Last week I chaired an Integrated Transport Planning conference in Kuala Lumpur - then took a side trip to visit eldest daughter in Sapporo Japan. The lext few blogs are from that trip. Cherry Blossom trees were out in Narita, Tokyo, when I stopped there. But not in Sapporo, 700 kilometres north on the island of Hokkaido. Japanese TV charts the Cherry Blossom wave as it moves North with spring. More interesting than the weather I suspect... |
Flowers are everywhere. Even in winter. Would be totally out of place on a New Zealand shop front somehow. But in Japan - situation normal. |
Attention to detail, fine detail, tight tolerances, was what struck me about Japan's built environment. Like how road corridor space is allocated. My father - who was a motor-mechanic selling Vanguards, Standards and Triumphs in Oamaru - described to me the difference between British engineering and the Datsuns and Hondas coming from Japan. "...finer tolerances...engines run like sewing machines..." |
He would've liked the perfect fit of this drain cover in the road. When I first saw them I wondered if there were drain-cover picture collectors around the world.... |
...then I saw this one and wanted to join them...I loved this design... |
In NZ polished pipework like this might be seen in a milk treatment factory, but in Japan it's the air-conditioning on the roof of a building only seen from above... |
This apartment building, with its air ventilation and heating vents, precision engineered walls, windows and doors - was typical of most buildings. Built to last, and in Sapporo, built to keep out the cold in winter. |
Tolerance extends to cultural diversity and difference too - as far as I could tell. A sense of peace and quiet.

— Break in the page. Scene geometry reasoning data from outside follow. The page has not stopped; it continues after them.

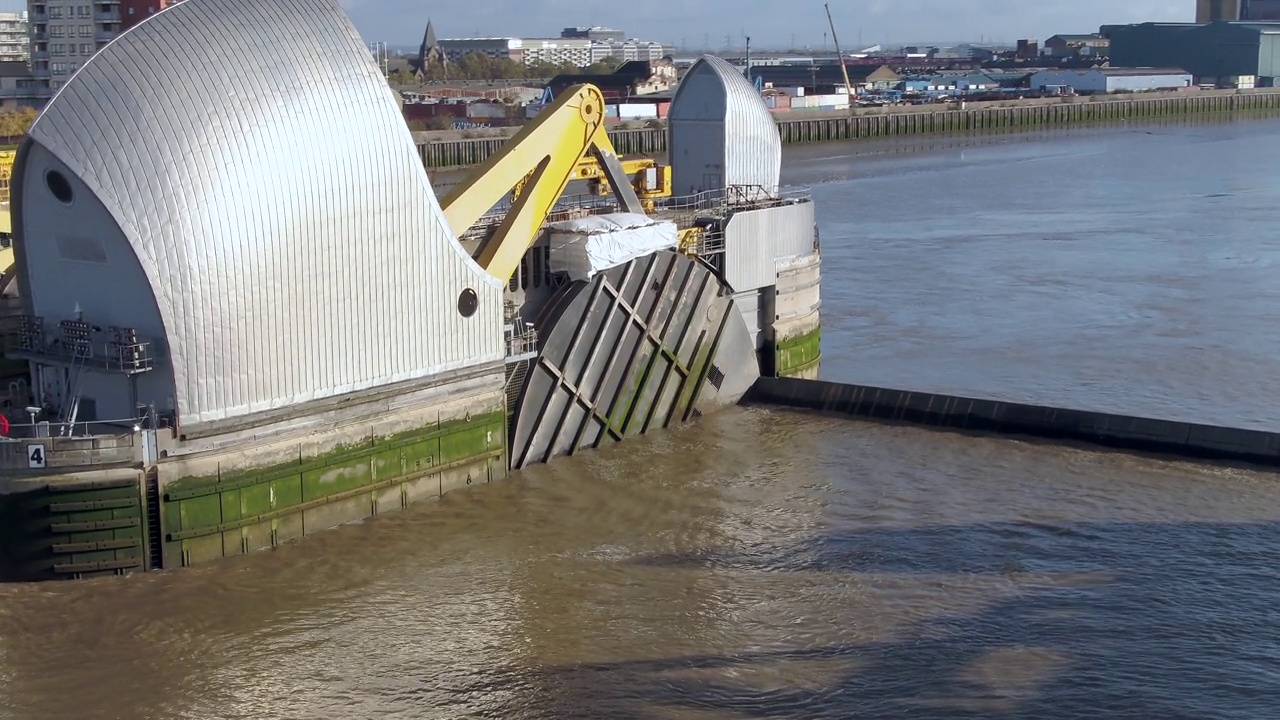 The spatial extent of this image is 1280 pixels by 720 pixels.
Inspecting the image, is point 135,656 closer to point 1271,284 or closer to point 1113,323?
point 1113,323

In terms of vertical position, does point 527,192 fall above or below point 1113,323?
above

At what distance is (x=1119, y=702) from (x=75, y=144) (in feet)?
44.7

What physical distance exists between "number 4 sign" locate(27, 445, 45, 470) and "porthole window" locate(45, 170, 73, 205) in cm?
322

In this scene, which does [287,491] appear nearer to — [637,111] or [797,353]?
[797,353]

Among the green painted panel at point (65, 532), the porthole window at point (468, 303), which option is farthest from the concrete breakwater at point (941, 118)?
the green painted panel at point (65, 532)

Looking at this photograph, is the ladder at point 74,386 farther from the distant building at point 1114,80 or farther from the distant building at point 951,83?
the distant building at point 1114,80

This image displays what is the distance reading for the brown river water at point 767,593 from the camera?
50.1 ft

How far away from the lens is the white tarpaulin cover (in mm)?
23953

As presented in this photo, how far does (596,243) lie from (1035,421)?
7672 millimetres

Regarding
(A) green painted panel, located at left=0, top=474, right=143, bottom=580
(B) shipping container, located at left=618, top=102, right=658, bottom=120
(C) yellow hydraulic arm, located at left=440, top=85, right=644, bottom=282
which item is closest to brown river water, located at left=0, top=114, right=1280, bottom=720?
(A) green painted panel, located at left=0, top=474, right=143, bottom=580

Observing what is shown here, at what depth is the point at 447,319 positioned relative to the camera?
21.6 m

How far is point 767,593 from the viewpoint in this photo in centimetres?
1783

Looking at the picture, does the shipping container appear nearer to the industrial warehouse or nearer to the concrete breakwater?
the concrete breakwater

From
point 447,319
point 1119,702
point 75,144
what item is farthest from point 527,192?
Result: point 1119,702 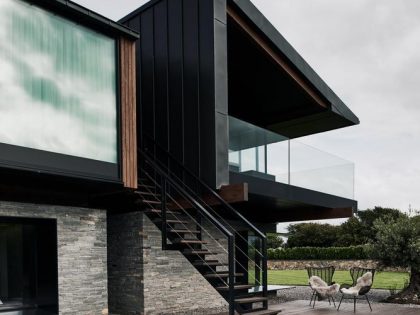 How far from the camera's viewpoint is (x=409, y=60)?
16828 millimetres

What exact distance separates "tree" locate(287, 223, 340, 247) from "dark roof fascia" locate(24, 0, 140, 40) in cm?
2983

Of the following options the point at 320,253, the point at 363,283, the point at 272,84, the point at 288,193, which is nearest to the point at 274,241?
the point at 320,253

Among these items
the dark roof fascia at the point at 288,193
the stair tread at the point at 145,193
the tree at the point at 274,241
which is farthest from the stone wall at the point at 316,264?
the stair tread at the point at 145,193

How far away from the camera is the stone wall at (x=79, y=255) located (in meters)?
9.02

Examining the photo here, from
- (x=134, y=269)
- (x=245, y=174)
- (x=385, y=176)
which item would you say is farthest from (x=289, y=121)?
(x=385, y=176)

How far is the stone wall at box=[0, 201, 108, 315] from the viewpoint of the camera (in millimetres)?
9016

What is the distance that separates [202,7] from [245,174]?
3.77 m

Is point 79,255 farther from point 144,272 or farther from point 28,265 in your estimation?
point 144,272

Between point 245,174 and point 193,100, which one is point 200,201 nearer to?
point 245,174

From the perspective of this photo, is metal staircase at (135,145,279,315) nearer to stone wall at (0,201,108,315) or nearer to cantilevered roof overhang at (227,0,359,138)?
stone wall at (0,201,108,315)

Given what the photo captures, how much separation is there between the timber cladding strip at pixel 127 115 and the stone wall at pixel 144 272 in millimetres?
1857

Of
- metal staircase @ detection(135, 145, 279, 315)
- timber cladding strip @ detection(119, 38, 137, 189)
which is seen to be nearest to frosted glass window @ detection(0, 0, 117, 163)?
timber cladding strip @ detection(119, 38, 137, 189)

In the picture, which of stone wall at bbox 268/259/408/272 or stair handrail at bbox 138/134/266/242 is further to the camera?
stone wall at bbox 268/259/408/272

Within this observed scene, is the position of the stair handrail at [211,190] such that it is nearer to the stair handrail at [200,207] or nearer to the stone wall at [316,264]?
the stair handrail at [200,207] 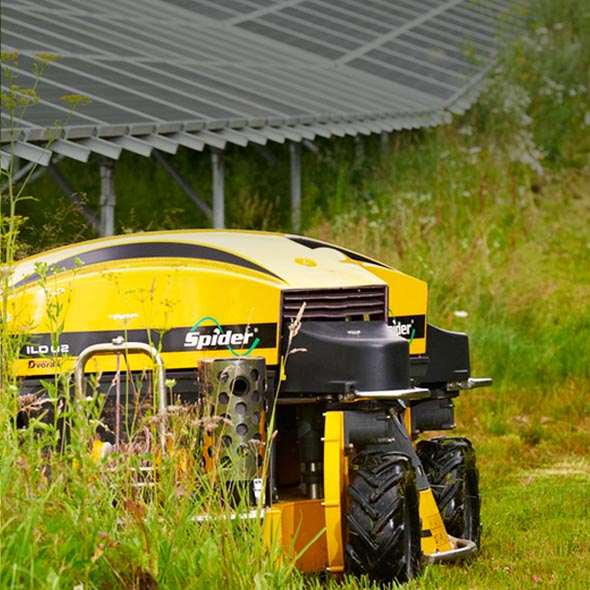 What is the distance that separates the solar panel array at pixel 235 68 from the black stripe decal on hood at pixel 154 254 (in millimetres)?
1295

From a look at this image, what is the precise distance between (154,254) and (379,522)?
4.43 ft

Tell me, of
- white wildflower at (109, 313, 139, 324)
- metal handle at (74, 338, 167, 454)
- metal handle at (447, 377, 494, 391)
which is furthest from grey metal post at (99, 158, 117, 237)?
metal handle at (74, 338, 167, 454)

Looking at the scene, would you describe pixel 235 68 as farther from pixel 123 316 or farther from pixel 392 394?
pixel 392 394

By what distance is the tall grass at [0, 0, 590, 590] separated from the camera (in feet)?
14.6

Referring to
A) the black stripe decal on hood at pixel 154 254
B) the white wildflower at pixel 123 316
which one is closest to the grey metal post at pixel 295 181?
the black stripe decal on hood at pixel 154 254

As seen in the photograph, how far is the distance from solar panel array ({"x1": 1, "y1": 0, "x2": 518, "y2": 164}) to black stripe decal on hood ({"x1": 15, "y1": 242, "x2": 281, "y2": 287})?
51.0 inches

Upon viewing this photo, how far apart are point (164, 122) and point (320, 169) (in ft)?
18.0

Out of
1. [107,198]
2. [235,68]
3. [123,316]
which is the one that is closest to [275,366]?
[123,316]

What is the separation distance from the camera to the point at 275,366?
18.3 feet

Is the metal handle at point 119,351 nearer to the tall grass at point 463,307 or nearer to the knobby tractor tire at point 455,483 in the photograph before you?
the tall grass at point 463,307

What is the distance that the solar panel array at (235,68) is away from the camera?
1218 cm

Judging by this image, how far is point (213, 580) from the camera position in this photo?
448 cm

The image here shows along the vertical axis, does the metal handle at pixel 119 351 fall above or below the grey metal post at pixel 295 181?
below

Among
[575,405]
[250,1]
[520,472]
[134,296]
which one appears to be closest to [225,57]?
[250,1] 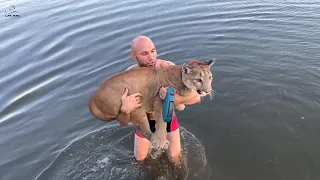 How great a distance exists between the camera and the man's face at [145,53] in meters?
5.89

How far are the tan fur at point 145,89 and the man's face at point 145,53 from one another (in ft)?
0.86

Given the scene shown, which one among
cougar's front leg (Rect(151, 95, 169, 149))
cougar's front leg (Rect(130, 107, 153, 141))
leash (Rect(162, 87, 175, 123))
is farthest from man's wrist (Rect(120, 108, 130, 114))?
leash (Rect(162, 87, 175, 123))

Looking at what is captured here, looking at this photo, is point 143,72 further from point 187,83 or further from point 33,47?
point 33,47

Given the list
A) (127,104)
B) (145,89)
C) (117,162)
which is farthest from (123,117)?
(117,162)

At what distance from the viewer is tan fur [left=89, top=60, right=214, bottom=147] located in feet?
18.4

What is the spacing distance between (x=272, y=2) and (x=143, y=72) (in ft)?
31.8

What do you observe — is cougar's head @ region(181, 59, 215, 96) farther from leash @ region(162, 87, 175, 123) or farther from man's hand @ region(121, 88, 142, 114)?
man's hand @ region(121, 88, 142, 114)

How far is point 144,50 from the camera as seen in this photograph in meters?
5.93

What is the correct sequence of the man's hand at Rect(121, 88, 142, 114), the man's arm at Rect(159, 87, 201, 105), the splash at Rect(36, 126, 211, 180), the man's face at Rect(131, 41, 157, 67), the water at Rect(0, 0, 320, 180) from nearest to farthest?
the man's hand at Rect(121, 88, 142, 114), the man's arm at Rect(159, 87, 201, 105), the man's face at Rect(131, 41, 157, 67), the splash at Rect(36, 126, 211, 180), the water at Rect(0, 0, 320, 180)

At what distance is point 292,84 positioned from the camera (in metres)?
8.72

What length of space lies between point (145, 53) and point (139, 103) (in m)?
0.85

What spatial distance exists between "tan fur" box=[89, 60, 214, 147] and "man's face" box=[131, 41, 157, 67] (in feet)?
0.86

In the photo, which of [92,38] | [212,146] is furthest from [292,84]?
[92,38]

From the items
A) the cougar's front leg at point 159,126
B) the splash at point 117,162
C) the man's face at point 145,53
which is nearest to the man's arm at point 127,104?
the cougar's front leg at point 159,126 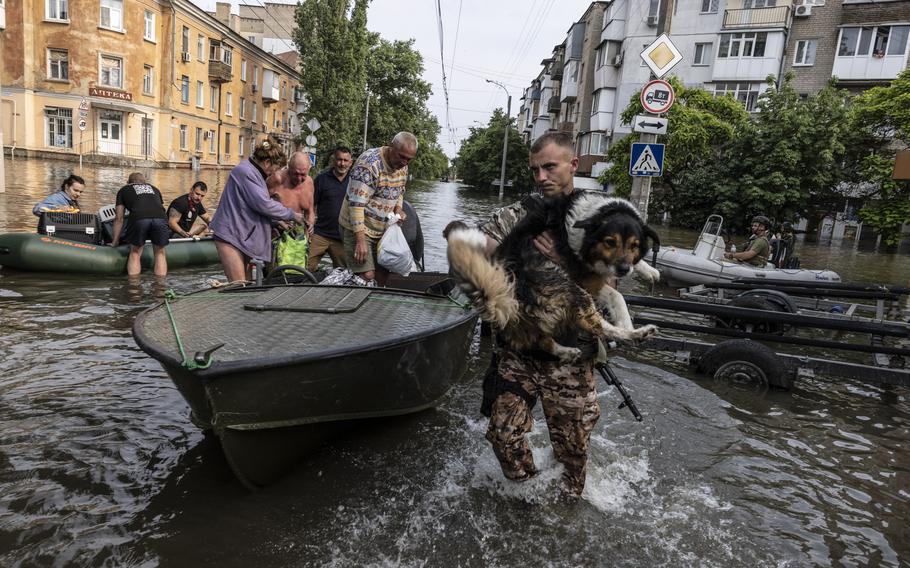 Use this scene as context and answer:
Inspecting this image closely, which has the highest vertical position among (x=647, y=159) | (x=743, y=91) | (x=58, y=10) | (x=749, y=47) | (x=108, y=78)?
(x=749, y=47)

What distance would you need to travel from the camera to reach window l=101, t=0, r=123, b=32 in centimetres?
3450

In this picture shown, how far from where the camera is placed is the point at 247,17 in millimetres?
68750

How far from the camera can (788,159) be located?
26859 mm

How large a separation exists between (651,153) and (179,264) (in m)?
8.63

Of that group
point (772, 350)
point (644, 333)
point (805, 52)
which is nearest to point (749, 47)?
point (805, 52)

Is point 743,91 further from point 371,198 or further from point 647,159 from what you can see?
point 371,198

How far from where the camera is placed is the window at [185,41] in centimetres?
4024

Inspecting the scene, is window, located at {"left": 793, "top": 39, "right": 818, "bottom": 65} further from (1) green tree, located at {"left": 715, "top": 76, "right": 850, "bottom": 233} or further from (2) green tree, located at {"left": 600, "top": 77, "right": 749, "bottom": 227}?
(2) green tree, located at {"left": 600, "top": 77, "right": 749, "bottom": 227}

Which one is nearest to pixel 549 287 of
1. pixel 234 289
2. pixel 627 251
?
pixel 627 251

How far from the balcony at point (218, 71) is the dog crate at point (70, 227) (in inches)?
1590

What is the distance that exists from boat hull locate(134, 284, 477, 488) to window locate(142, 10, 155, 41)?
40.7 meters

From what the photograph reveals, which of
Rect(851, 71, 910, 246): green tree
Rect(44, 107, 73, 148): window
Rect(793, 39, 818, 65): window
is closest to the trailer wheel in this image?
Rect(851, 71, 910, 246): green tree

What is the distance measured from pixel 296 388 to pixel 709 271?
10704 millimetres

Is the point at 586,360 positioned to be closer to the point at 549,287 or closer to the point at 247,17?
the point at 549,287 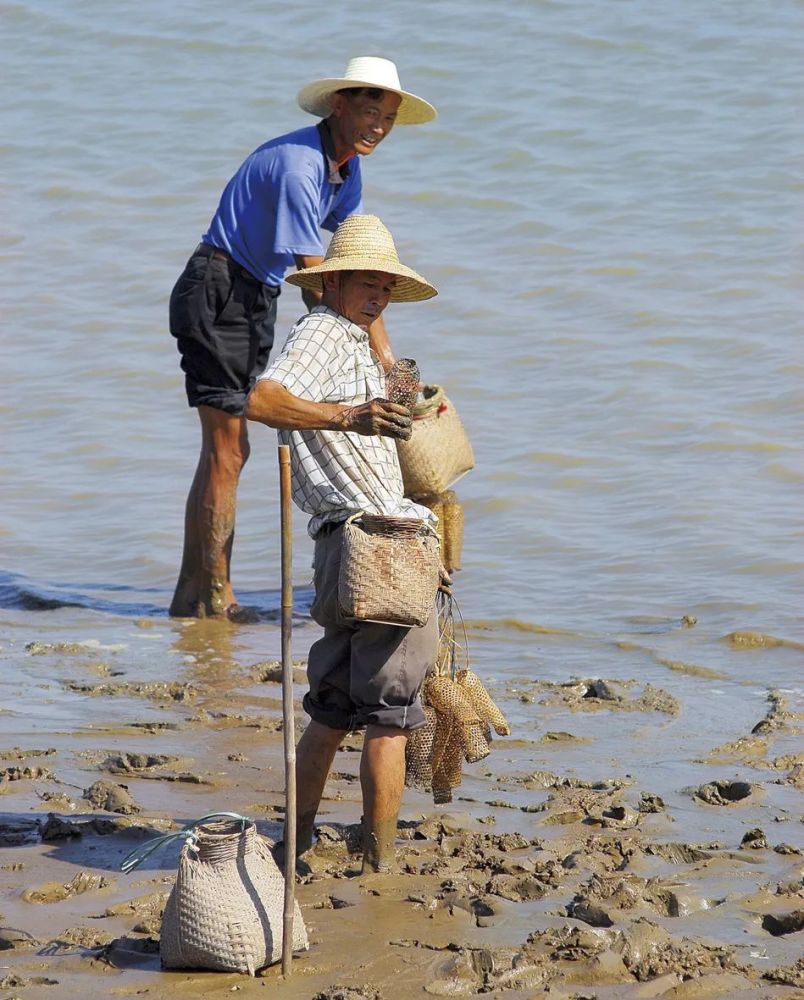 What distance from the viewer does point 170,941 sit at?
11.8 ft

Major controls against noise. |
The water ceremony, for cleaning your hands before visiting the shrine. Interesting. |
This was a particularly beautiful establishment in old Narita. So available and on the street. |
With little corners to remember and wonder about as it gets dark but light remains. |
Maybe it's not tolerance that leads to such carefully marked intersections, but there is a precision there. Careful corners that emphasise pedestrian safety, broadly marked crossings that leave no room for doubt. And I hardly ever saw a policeman anywhere. My daughter told me, "you'll never see a Japanese person breaking the traffic rules...". Tolerance? Or planning? |
To me this is a classic embodiment of tolerance in street design. Boldly implemented. No mistake about where cars go, and where pedestrians go. And the speeds. I regret not photographing the little Japanese kids walking to school next day on these roads in their oh so cute uniforms, holding hands, no parents in sight, no walking-school-bus bosses. Just kids. Safe in their street. |
Gives the street a feel of safe energy, co-existence through tolerance and design. Interesting. |
Which brings me to this little sequence of pictures. This one shows a walking trail in the trees, and shows where it crosses the road. |
Someone on a bike crosses the road at the pedestrian crossing, but there's plenty of tolerance by motorists of cyclists (who never wear helmets). |
But the pedestrian crossing is used by greater diversity than able-bodied pedestrians and cyclists. It's used by blind people as well. I was struck by the very careful provision of walking surfaces that enable blind people to know where they are and where they are going... |
... and this crossing had a special crossing signal for blind people to use. That's attention to detail. |
1 comment:
The Japanese are a chip off a different block. The english anthropologist Alan Macfarlane wrote Japan through the Looking Glass which is an interesting attempt at demystifing thier culture and The Roads to Sata: A 2000-Mile Walk Through Japan by Alan Booth wjll bring a smile.